As of the date of the article CEE Change; Central and Eastern Europe Make Waves, the average GDP for Central and Eastern European countries was at $6,300 versus $25,200 for Western Europe. The economies of these former Soviet Bloc countries are growing much faster than the economies of Western Europe. This is due in part to manufacturing companies outsourcing to this region. However, before these companies can go much further logistic companies will need to move and start solving many of the problems that currently exist. The major problem of course is the lack of transportation infrastructure. Most roads, rail lines, and airports are outdated and lack maintenance.
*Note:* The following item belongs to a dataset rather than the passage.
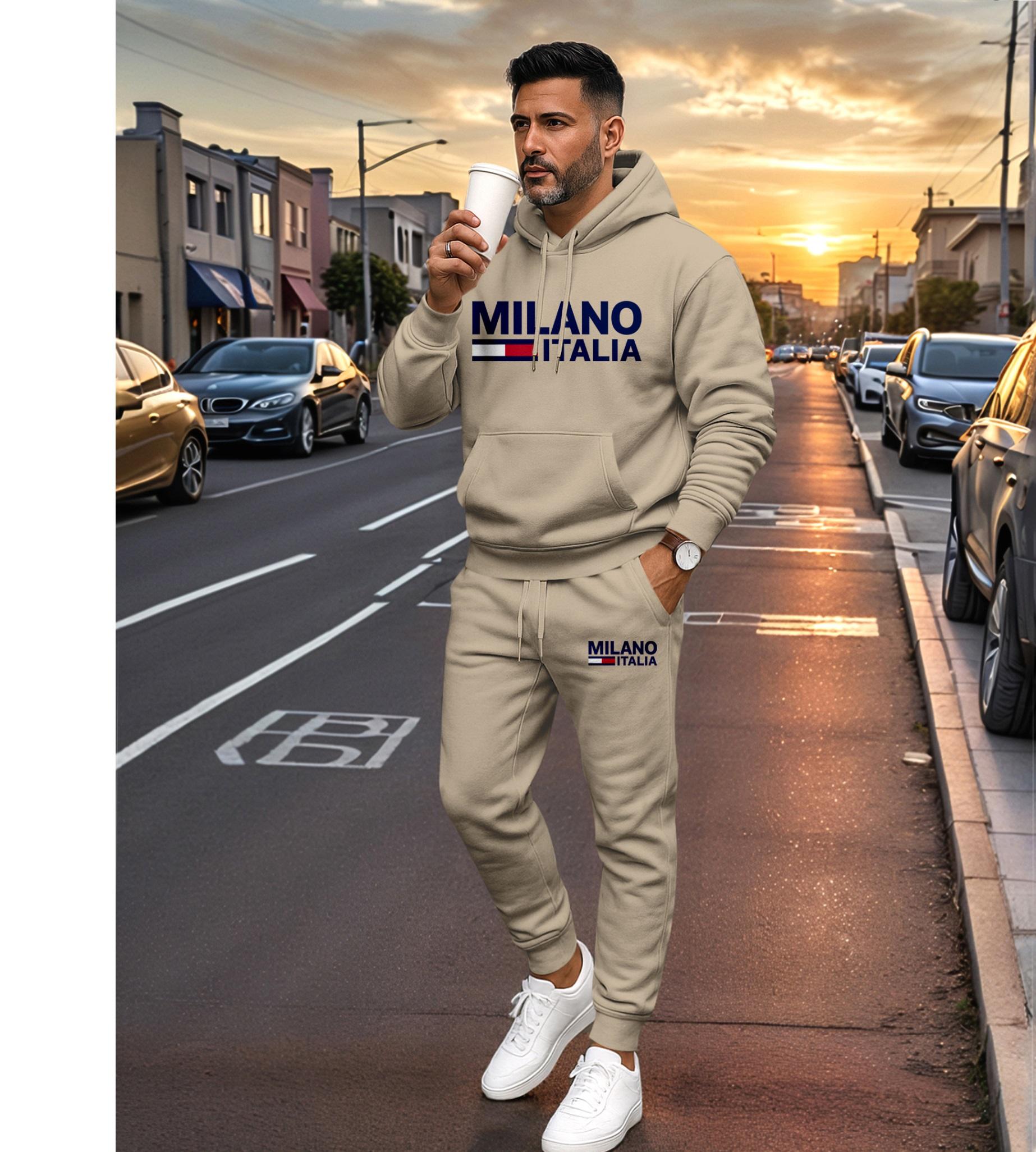 Men's MILANO Letter Pattern Print Hoodie and Drawstring Sweatpants Set, Menswear, Casual Athletic Long Sleeve Hooded Jacket & Trousers for Fall & Winter, Men's Clothing for Daily Wear, Sportswear Indoor Outdoor, Tracksuit, Athleisure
While there may not be much that logistics company can do to solve these problems directly, it is possible to work around them. For example there is already a system in place that could be used for distribution hubs, the major capitals. Once warehouses and distribution centers are built in these cities, transferring goods from there to the consumer is made much easier. The European Union is also working on a solution for the lack interconnectivity between roadways, railways, and airlines. The TEN-T (Trans-European Network for Transportation) program is being designed to establish better interconnectivity and interoperability between national transportation networks. This will include Central and Eastern Europe.